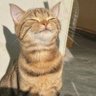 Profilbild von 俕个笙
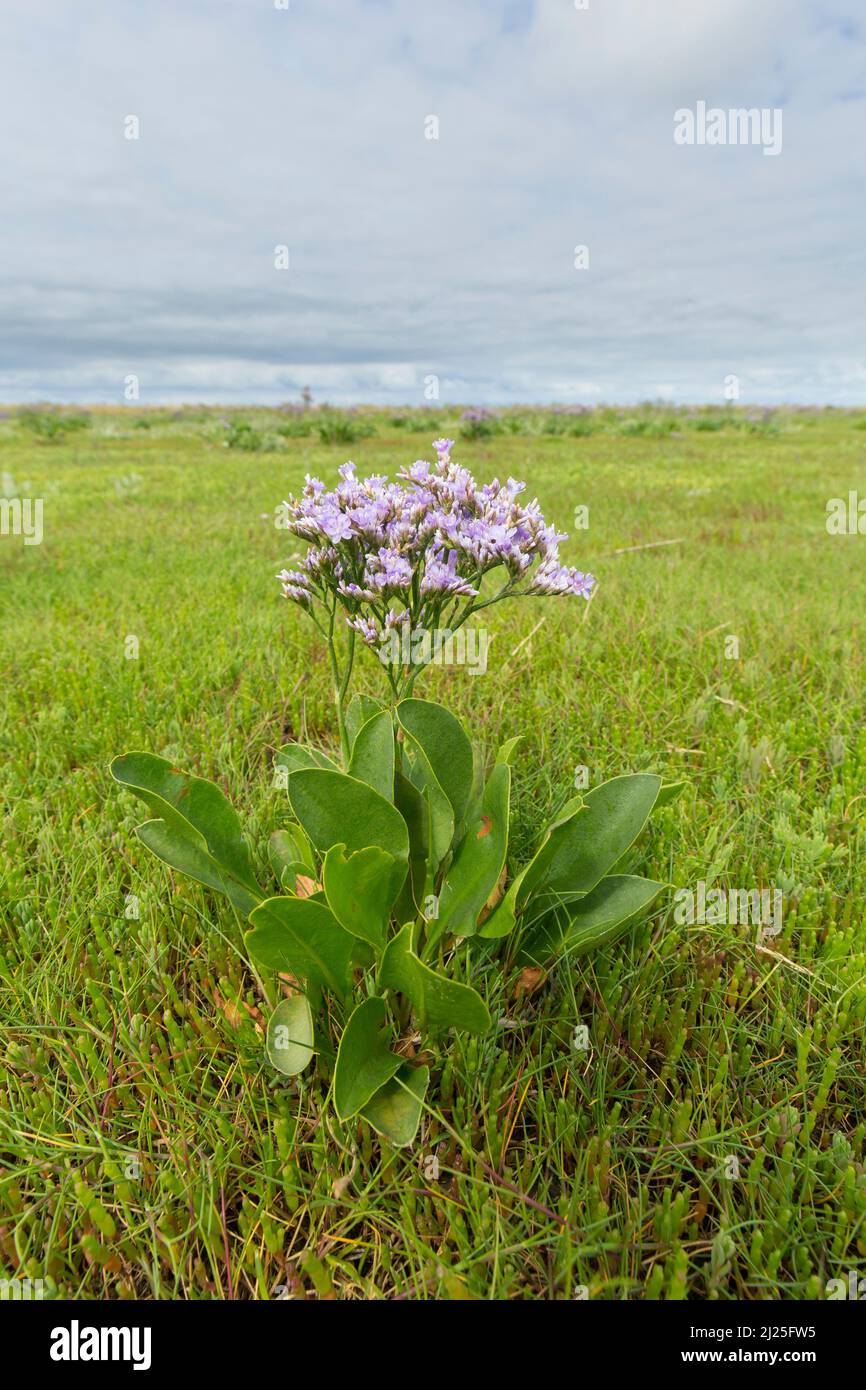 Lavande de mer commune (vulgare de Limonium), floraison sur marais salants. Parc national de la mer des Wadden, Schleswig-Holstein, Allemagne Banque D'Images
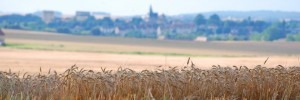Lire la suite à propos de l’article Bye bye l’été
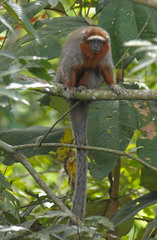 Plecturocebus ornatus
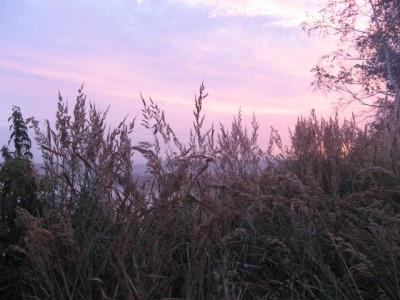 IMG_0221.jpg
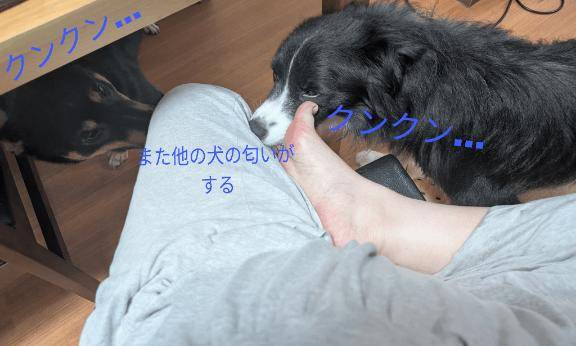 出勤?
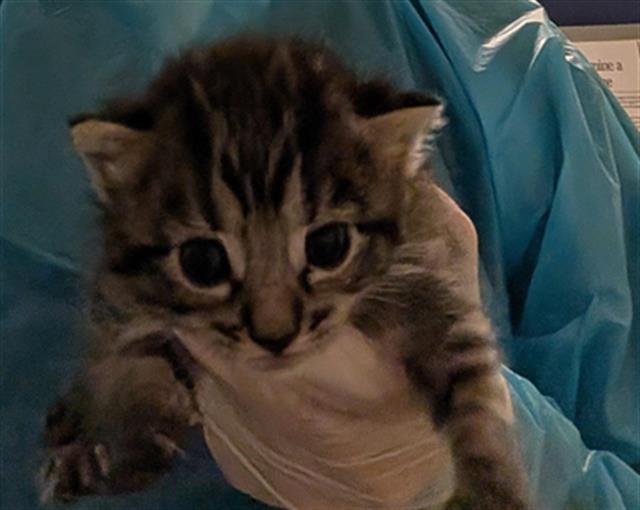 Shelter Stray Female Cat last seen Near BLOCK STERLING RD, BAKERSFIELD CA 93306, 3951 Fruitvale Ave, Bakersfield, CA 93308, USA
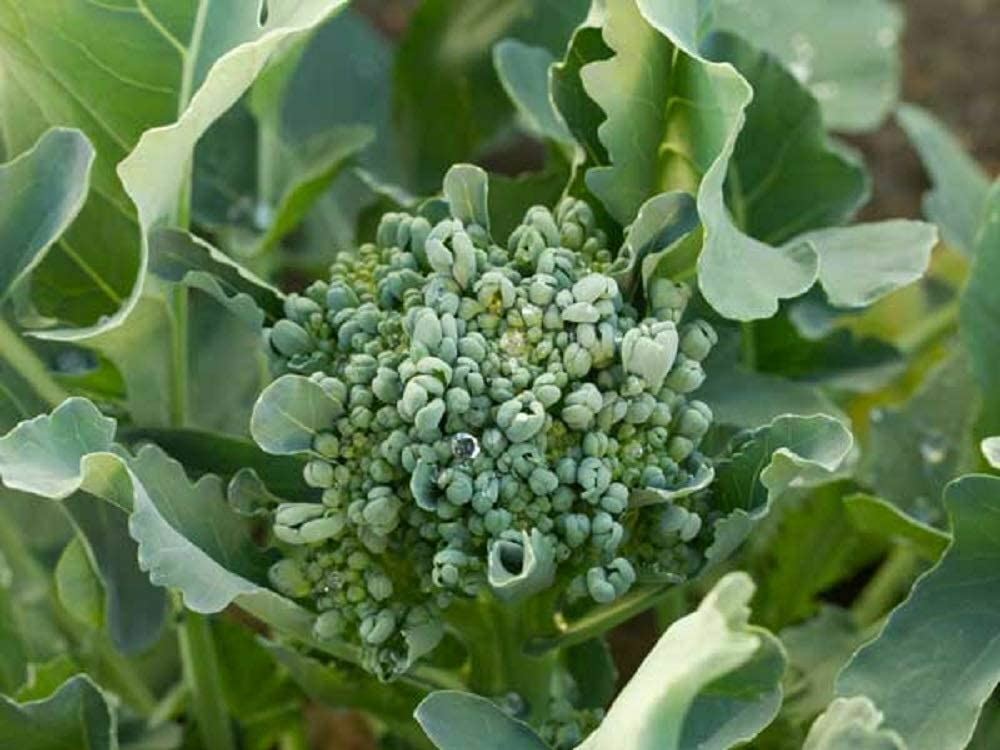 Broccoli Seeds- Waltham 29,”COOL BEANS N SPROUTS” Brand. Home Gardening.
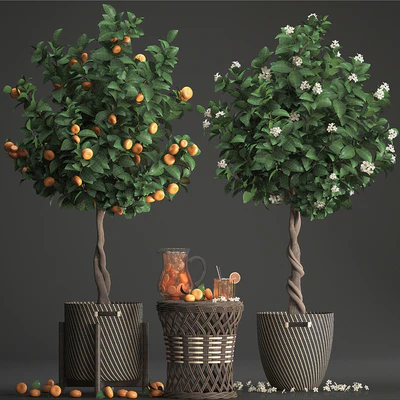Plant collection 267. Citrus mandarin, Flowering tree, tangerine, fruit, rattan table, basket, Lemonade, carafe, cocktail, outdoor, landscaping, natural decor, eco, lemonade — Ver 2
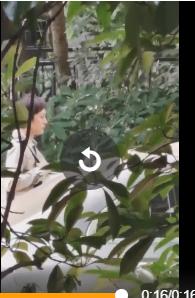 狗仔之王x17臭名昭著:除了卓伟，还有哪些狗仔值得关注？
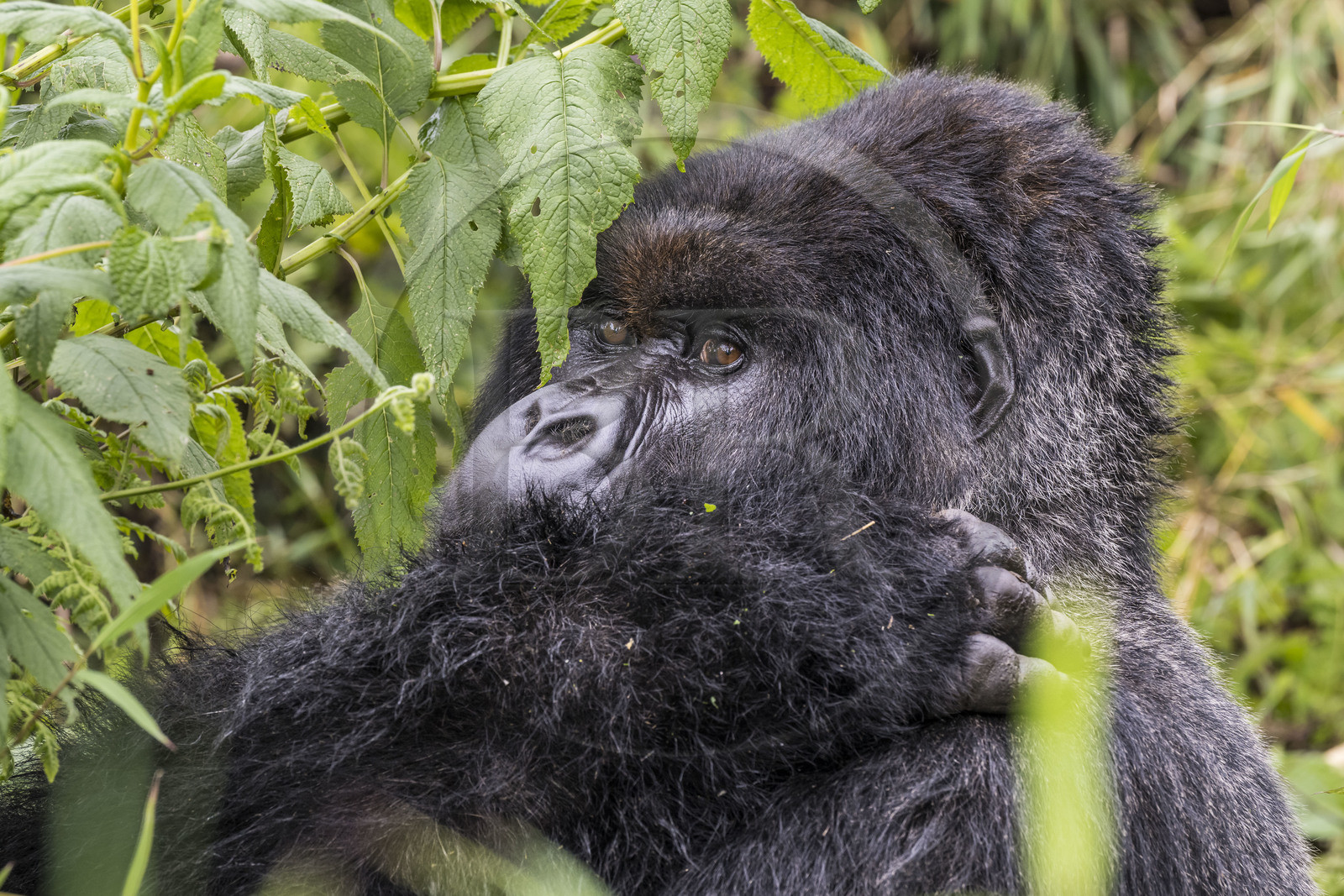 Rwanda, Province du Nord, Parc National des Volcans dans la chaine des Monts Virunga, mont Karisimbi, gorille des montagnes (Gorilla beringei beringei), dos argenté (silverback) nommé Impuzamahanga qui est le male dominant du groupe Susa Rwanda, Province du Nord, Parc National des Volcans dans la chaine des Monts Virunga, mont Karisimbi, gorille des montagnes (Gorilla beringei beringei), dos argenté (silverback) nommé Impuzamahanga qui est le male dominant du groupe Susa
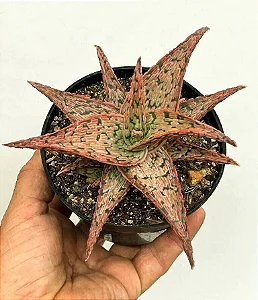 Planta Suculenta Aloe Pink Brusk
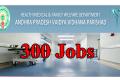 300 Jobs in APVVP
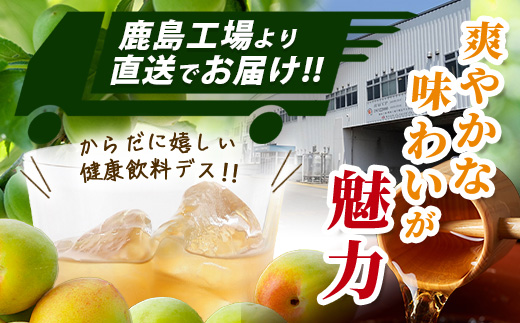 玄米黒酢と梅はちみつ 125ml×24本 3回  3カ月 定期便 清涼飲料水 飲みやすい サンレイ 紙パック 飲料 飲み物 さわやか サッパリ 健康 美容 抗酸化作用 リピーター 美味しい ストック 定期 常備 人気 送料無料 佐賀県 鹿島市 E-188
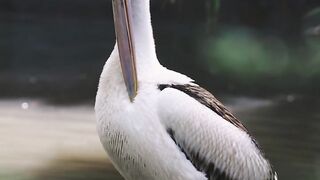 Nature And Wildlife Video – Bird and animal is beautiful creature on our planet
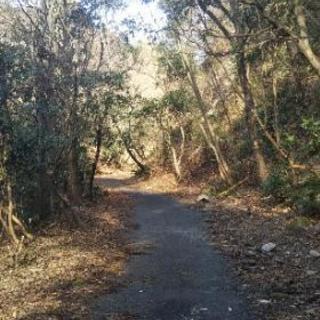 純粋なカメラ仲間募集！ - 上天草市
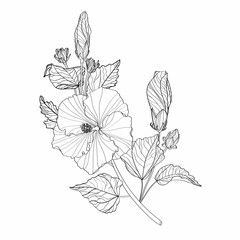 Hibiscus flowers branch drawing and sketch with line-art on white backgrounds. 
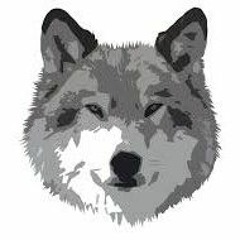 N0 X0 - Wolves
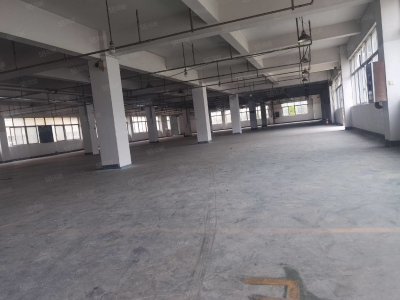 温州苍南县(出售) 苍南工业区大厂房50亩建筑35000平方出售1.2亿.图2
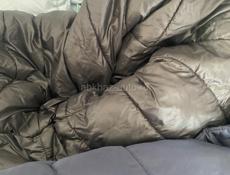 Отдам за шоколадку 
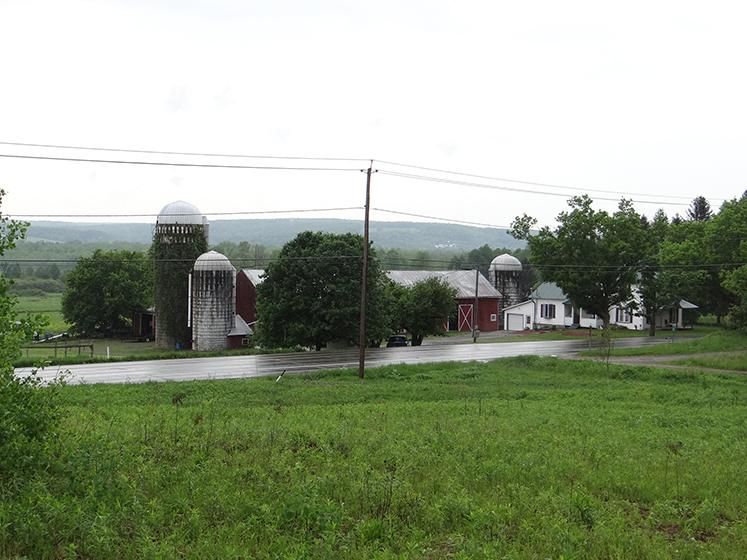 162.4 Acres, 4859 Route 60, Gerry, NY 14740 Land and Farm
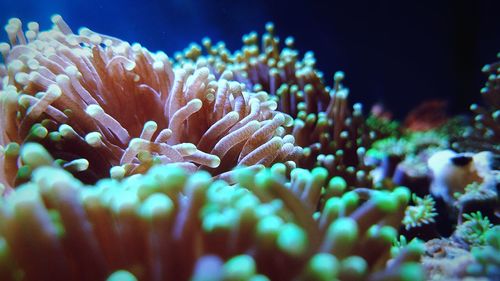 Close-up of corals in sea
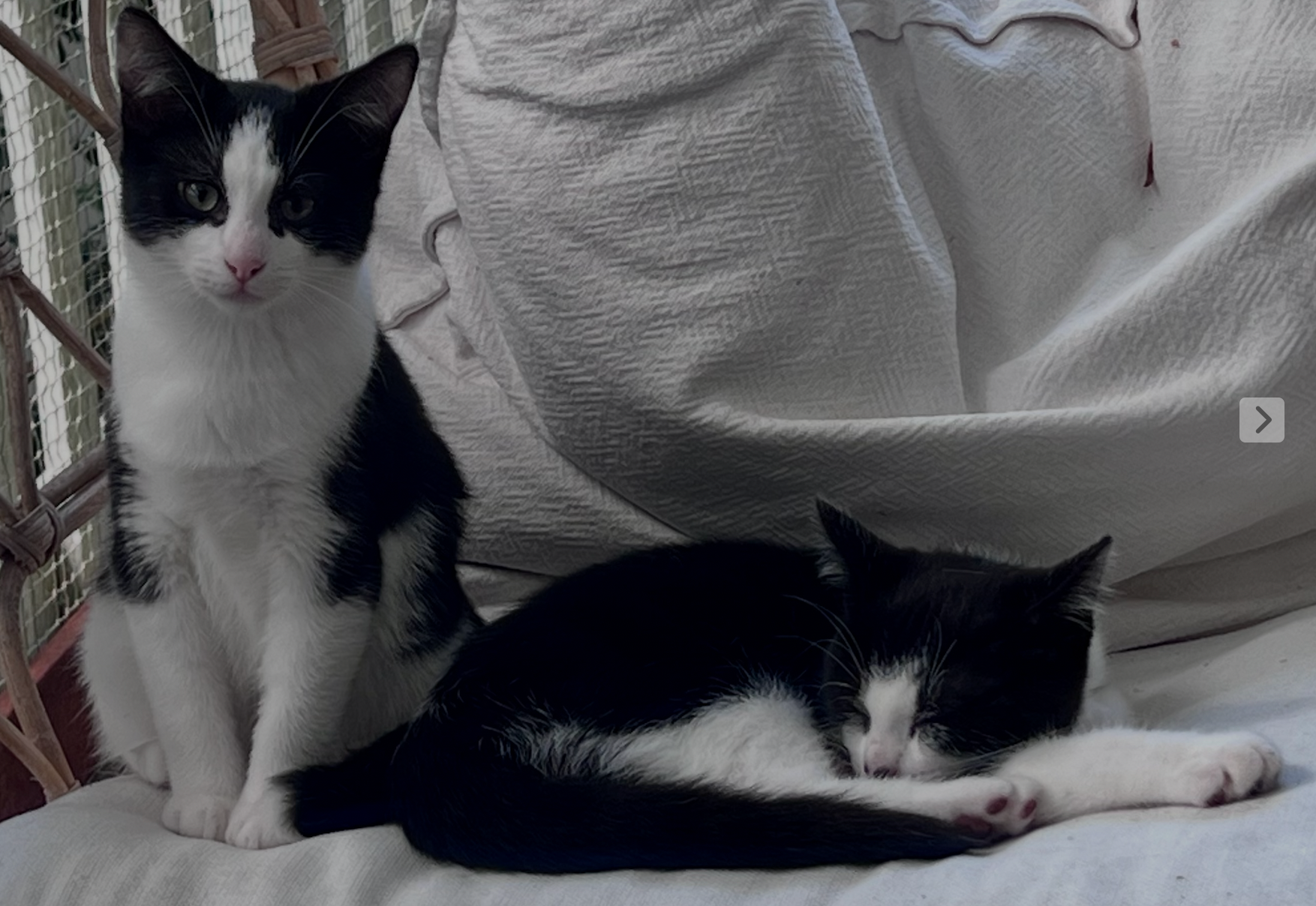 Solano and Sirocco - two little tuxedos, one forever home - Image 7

——

--- TASK BRIEF ---
Whatever the records hold apart from pictures should be repeated exactly.

--- WORKED SOLUTION ---
 Profilbild von 俕个笙
 Lavande de mer commune (vulgare de Limonium), floraison sur marais salants. Parc national de la mer des Wadden, Schleswig-Holstein, Allemagne Banque D'Images
Lire la suite à propos de l’article Bye bye l’été
 Plecturocebus ornatus
 IMG_0221.jpg
 出勤?
 Shelter Stray Female Cat last seen Near BLOCK STERLING RD, BAKERSFIELD CA 93306, 3951 Fruitvale Ave, Bakersfield, CA 93308, USA
 Broccoli Seeds- Waltham 29,”COOL BEANS N SPROUTS” Brand. Home Gardening.
Plant collection 267. Citrus mandarin, Flowering tree, tangerine, fruit, rattan table, basket, Lemonade, carafe, cocktail, outdoor, landscaping, natural decor, eco, lemonade — Ver 2
 狗仔之王x17臭名昭著:除了卓伟，还有哪些狗仔值得关注？
 Rwanda, Province du Nord, Parc National des Volcans dans la chaine des Monts Virunga, mont Karisimbi, gorille des montagnes (Gorilla beringei beringei), dos argenté (silverback) nommé Impuzamahanga qui est le male dominant du groupe Susa Rwanda, Province du Nord, Parc National des Volcans dans la chaine des Monts Virunga, mont Karisimbi, gorille des montagnes (Gorilla beringei beringei), dos argenté (silverback) nommé Impuzamahanga qui est le male dominant du groupe Susa
 Planta Suculenta Aloe Pink Brusk
 300 Jobs in APVVP
 玄米黒酢と梅はちみつ 125ml×24本 3回  3カ月 定期便 清涼飲料水 飲みやすい サンレイ 紙パック 飲料 飲み物 さわやか サッパリ 健康 美容 抗酸化作用 リピーター 美味しい ストック 定期 常備 人気 送料無料 佐賀県 鹿島市 E-188
 Nature And Wildlife Video – Bird and animal is beautiful creature on our planet
 純粋なカメラ仲間募集！ - 上天草市
 Hibiscus flowers branch drawing and sketch with line-art on white backgrounds. 
 N0 X0 - Wolves
 温州苍南县(出售) 苍南工业区大厂房50亩建筑35000平方出售1.2亿.图2
 Отдам за шоколадку 
 162.4 Acres, 4859 Route 60, Gerry, NY 14740 Land and Farm
 Close-up of corals in sea
 Solano and Sirocco - two little tuxedos, one forever home - Image 7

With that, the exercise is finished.